Bij brief, bij de Raad van State ingekomen op 21 december 2009, heeft [verzoekster sub 2] de voorzitter verzocht een voorlopige voorziening te treffen. Bij brief, bij de Raad van State ingekomen op 11 december 2009, heeft [verzoeker sub 2] de voorzitter verzocht een voorlopige voorziening te treffen. Bij dezelfde brief als waarmee beroep is ingesteld heeft [verzoeker sub 3] de voorzitter verzocht een voorlopige voorziening te treffen. Bij dezelfde brief als waarmee beroep is ingesteld heeft [verzoeker sub 4] de voorzitter verzocht een voorlopige voorziening te treffen. Bij dezelfde brief als waarmee beroep is ingesteld heeft [verzoeker sub 5] de voorzitter verzocht een voorlopige voorziening te treffen.
De voorzitter heeft de verzoeken ter zitting behandeld op 24 februari 2010, waar [verzoekster sub 1], [verzoeker sub 2], [verzoeker sub 3], in de persoon van [verzoeker sub 3A], [verzoeker sub 4], vertegenwoordigd door [verzoeker sub 3A], en [verzoeker sub 5], vertegenwoordigd door [verzoeker sub 3A], en de raad, vertegenwoordigd door G.H. Groeneveld en M. de Hoog, werkzaam bij de gemeente, zijn verschenen.
Voorts is ter zitting Mewivast Projectontwikkeling B.V., vertegenwoordigd door mr. J.L. Zijlma, advocaat te 's-Gravenhage, als partij gehoord.
2.1. Het oordeel van de voorzitter heeft een voorlopig karakter en is niet bindend in de bodemprocedure.
2.2. Het plan voorziet in de bouw van een kantoorgebouw aan de Laan van Zuid Hoorn op het bedrijventerrein Hoornwijck, tussen de gronden aan Park Hoornwijck 2a/2b en de Laan van Zuid Hoorn 35.
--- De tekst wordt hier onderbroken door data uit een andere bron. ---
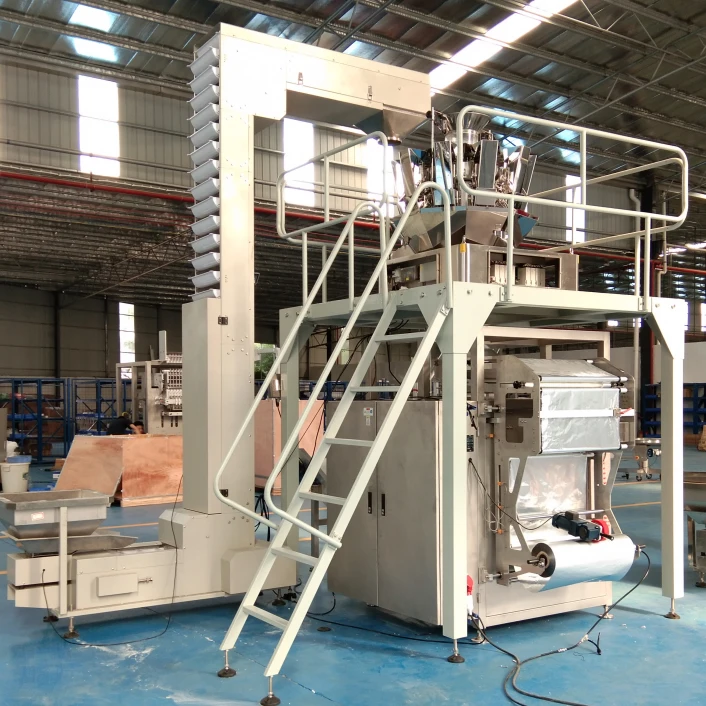 Automatic Multi-heads Salad Cheddar Cheese Coffee Beans Grains Pouch Packaging Machine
2.3. [verzoekster sub 1], [verzoeker sub 2], [verzoeker sub 3], [verzoeker sub 4] en [verzoeker sub 5] kunnen zich met dit plan niet verenigen en beogen met hun verzoeken onomkeerbare gevolgen van de inwerkingtreding van het plan te voorkomen.
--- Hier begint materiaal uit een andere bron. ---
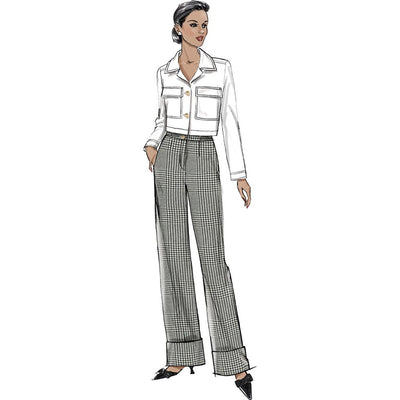 Butterick Pattern B7061 Misses and Miss Petite Jacket with Sleeve Variations Skirt and Pants 7061 Image 3 From Patternsandplains.com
2.4. Ter zitting is gebleken dat Mewivast voornemens is zo spoedig mogelijk een aanvang te maken met het realiseren van het bouwplan. Gelet hierop is in zoverre sprake van een spoedeisend belang, zodat zal worden beoordeeld of er aanleiding bestaat tot het treffen van een voorlopige voorziening.
2.5. Ingevolge de artikelen 3:11, 3:15 en 3:16 van de Algemene wet bestuursrecht (hierna: Awb) wordt het ontwerpplan ter inzage gelegd voor de duur van zes weken en kunnen gedurende deze termijn zienswijzen naar voren worden gebracht bij de raad.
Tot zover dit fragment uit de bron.